- Directions for this task:
Locate the line containing "Bueno of California" in the entries below, then retype it and every later line exactly, leaving out pictures.

- Exercise inputs:
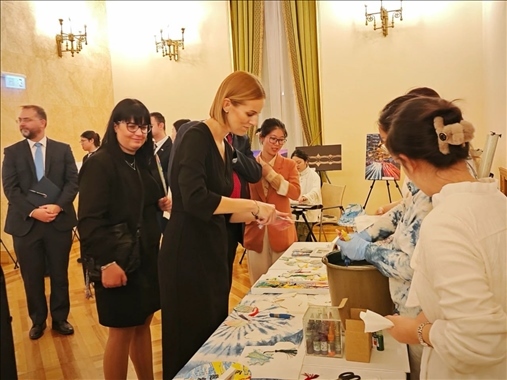 招待會(huì)現(xiàn)場(chǎng)。中國(guó)駐匈牙利大使館供圖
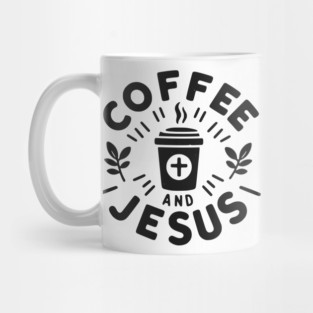 Coffee and Jesus Mug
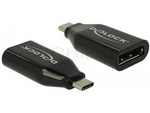 ADAPTER USB TYPE-C(M)-DISPLAYPORT(F) 4K 60MHZ BLACK DELOCK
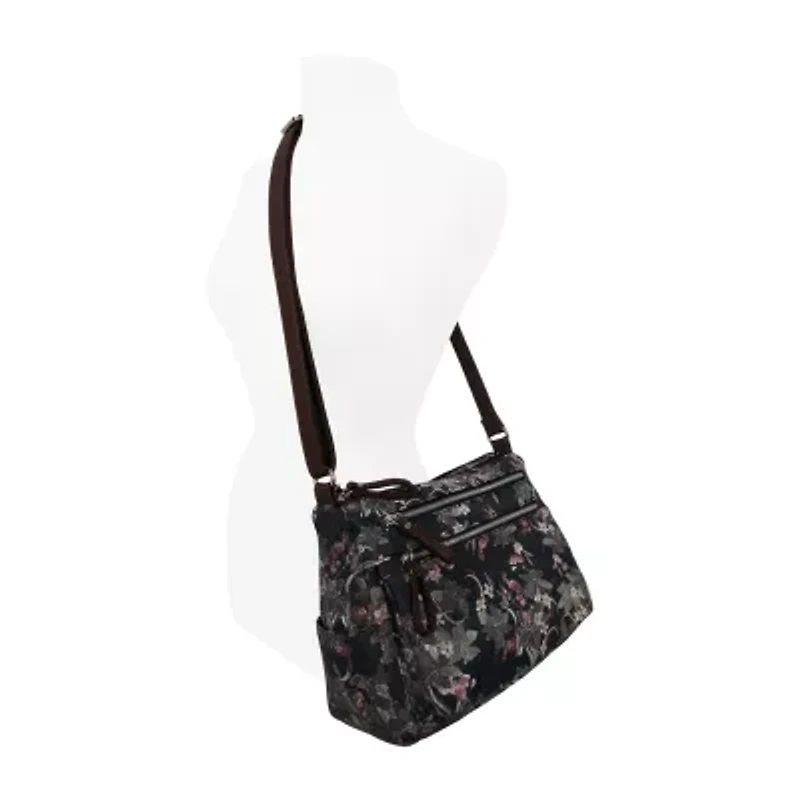 Bueno of California Medium Double Zip Crossbody Bag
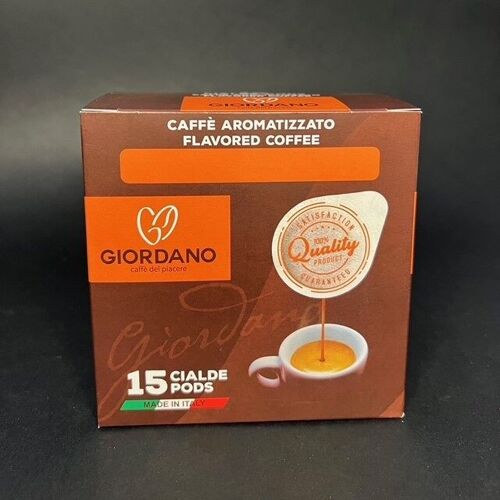 Caffè aromatizzato ginseng in confezione da 15 cialde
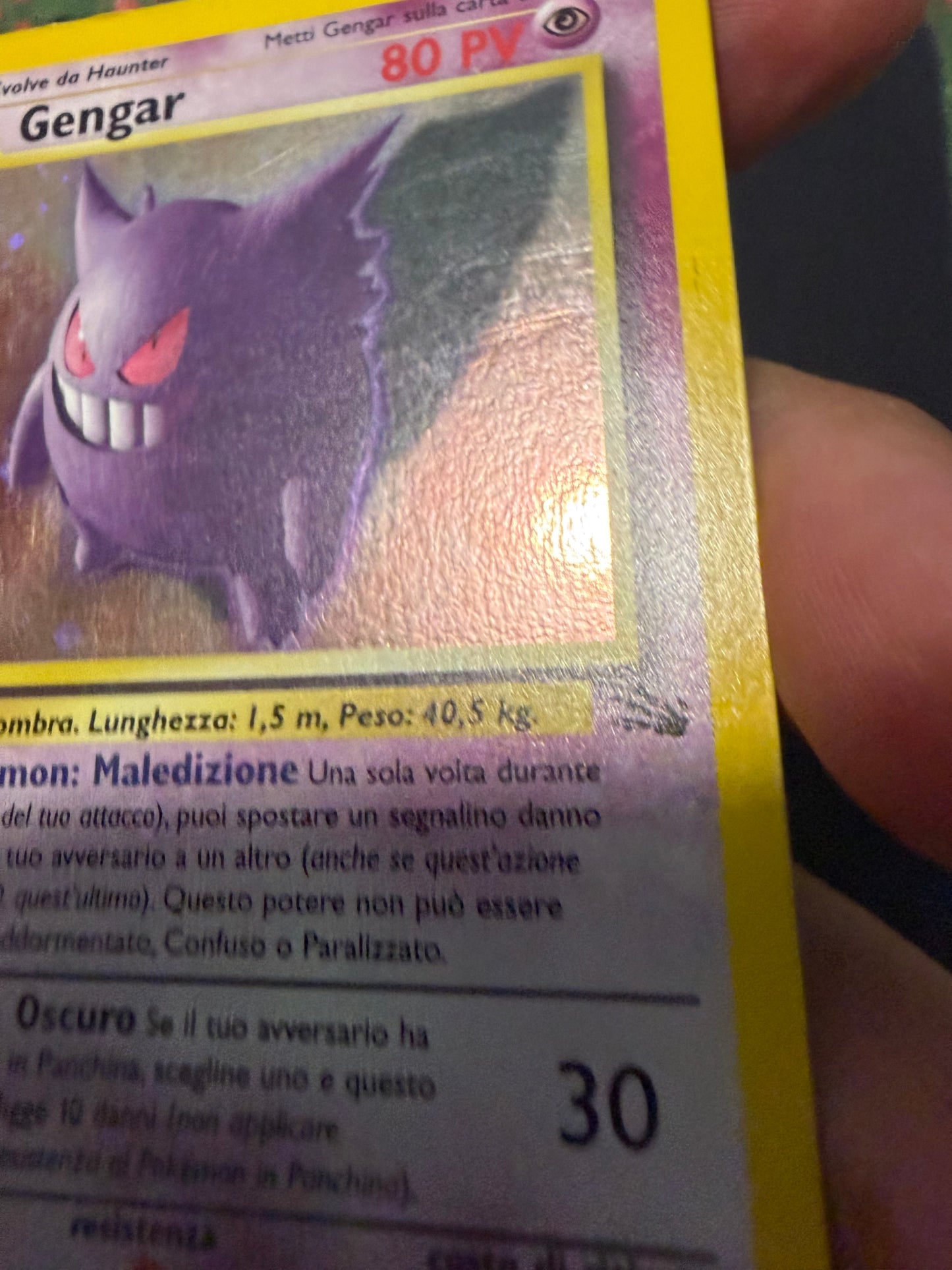 Gengar Holo 5/62 1º edizione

- Answer to this problem:
 Bueno of California Medium Double Zip Crossbody Bag
 Caffè aromatizzato ginseng in confezione da 15 cialde
 Gengar Holo 5/62 1º edizione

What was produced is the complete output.